Pour conquérir mon admiration et mon intérêt, fallait que tout soit parfait. J’aimais critiquer les faux pas. Je jugeais les gens par leur apparence. « Ne pas juger un livre à sa couverture » , c’était pas mon dicton préféré.

J’étais obsédée par l’image. J’étais superficielle. J’étais malheureuse, aussi.

Un beau jour de printemps, j’suis retournée vivre en région après 13 ans dans le sud de la province. Je me souviens du premier soir.

Alors que mon père, qui m’avait gentiment aidé à déménager mes 75 gros sacs à poubelle de précieuses guenilles, dormait dans ma chambre, je pleurais dans le salon de mon appart moisi. Paniquée, j’ai texté ma meilleure amie.

Claudine : « Béa, j’ai peur d’avoir faite une gaffe. » .

Béa :  « De quoi t’as peur?  » .

Claudine:  « De pus jamais être cool. Y’a rien, pis personne de cool icitte. » .

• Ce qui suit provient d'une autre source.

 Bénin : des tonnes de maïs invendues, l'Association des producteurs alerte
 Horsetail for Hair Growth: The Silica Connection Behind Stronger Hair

Aouch, hein? Quand je repense à cette Claudine-là, j’me dis que j’étais loin de mon profit. Sur mon matelas gonflable qui rend les foufounes froides à cause du plastique, à ce moment précis de l’histoire, je méritais une gifle. « HEY, REVIENS PARMI NOUS, LA JEUNE! »

***

Les jours ont passé. J’ai rencontré du monde. Bien sûr que j’ai rencontré des femmes coquettes, pis des hommes avec du goût, sauf qu’en général, y’avait pas de quoi faire un #OOTDPL. J’irais pas jusqu’à dire que j’me tenais avec du monde en coat de Ski-Doo, mais quand même. C’était pas le Pérou, ni le Milex.

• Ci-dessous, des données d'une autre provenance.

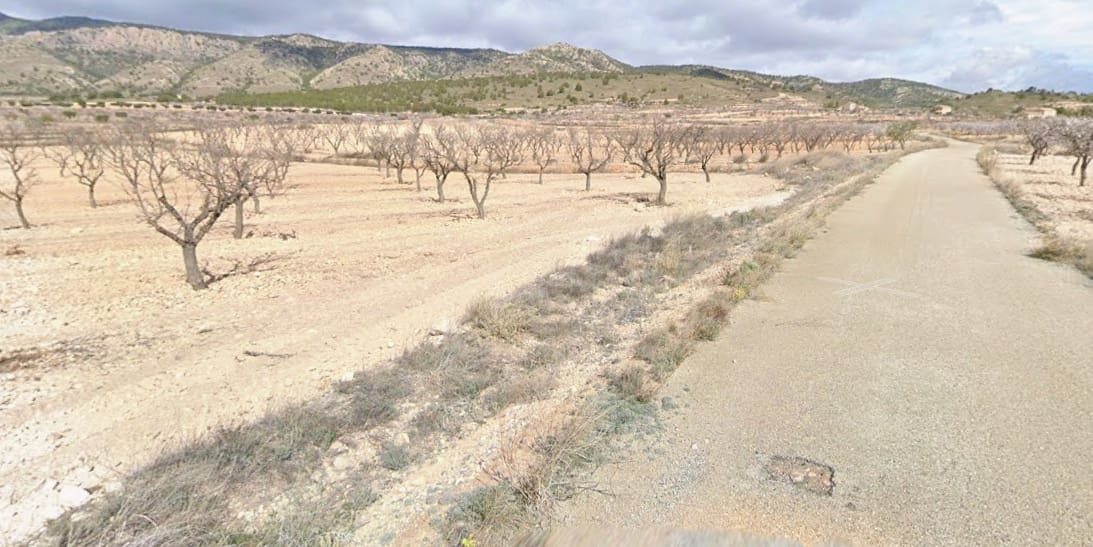 Terreno/Finca Rústica en Pinoso en venta - 23.000 € (Ref: 9658156)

Puisqu’à Rome on fait comme les Romains, je me suis ouverte à ces gens. J’ai appris à les connaître et ils sont vite devenus mes amis. Faute de style, on était pas à court de fun! Ces gens m’ont généreusement invitée dans leur univers. C’est sans jugement pis avec amour qu’ils l’ont fait. Plus j’apprenais à les connaître, plus je les trouvais beaux. Ils ne souciaient pas de leur style, eux. Ils étaient juste…vrais ! À mes yeux, c’était le plus grand témoignage d’authenticité possible. Plus je faisais leur connaissance, moins j’étais obsédée par l’image et mon jugement s’est transformé en admiration.

En principe, la mode est un moyen d’expression et une façon d’appartenir à groupe ou à un rang social. Veux, veux pas, c’est le premier indice pour savoir s’il y a une possibilité d’avoir les mêmes intérêts qu’une autre personne. Le problème c’est que cette théorie est valable principalement dans une cours d’école secondaire. Quand t’es un adulte, c’est faux. Pis quand tu vis dans un petit milieu, c’est turbo-faux.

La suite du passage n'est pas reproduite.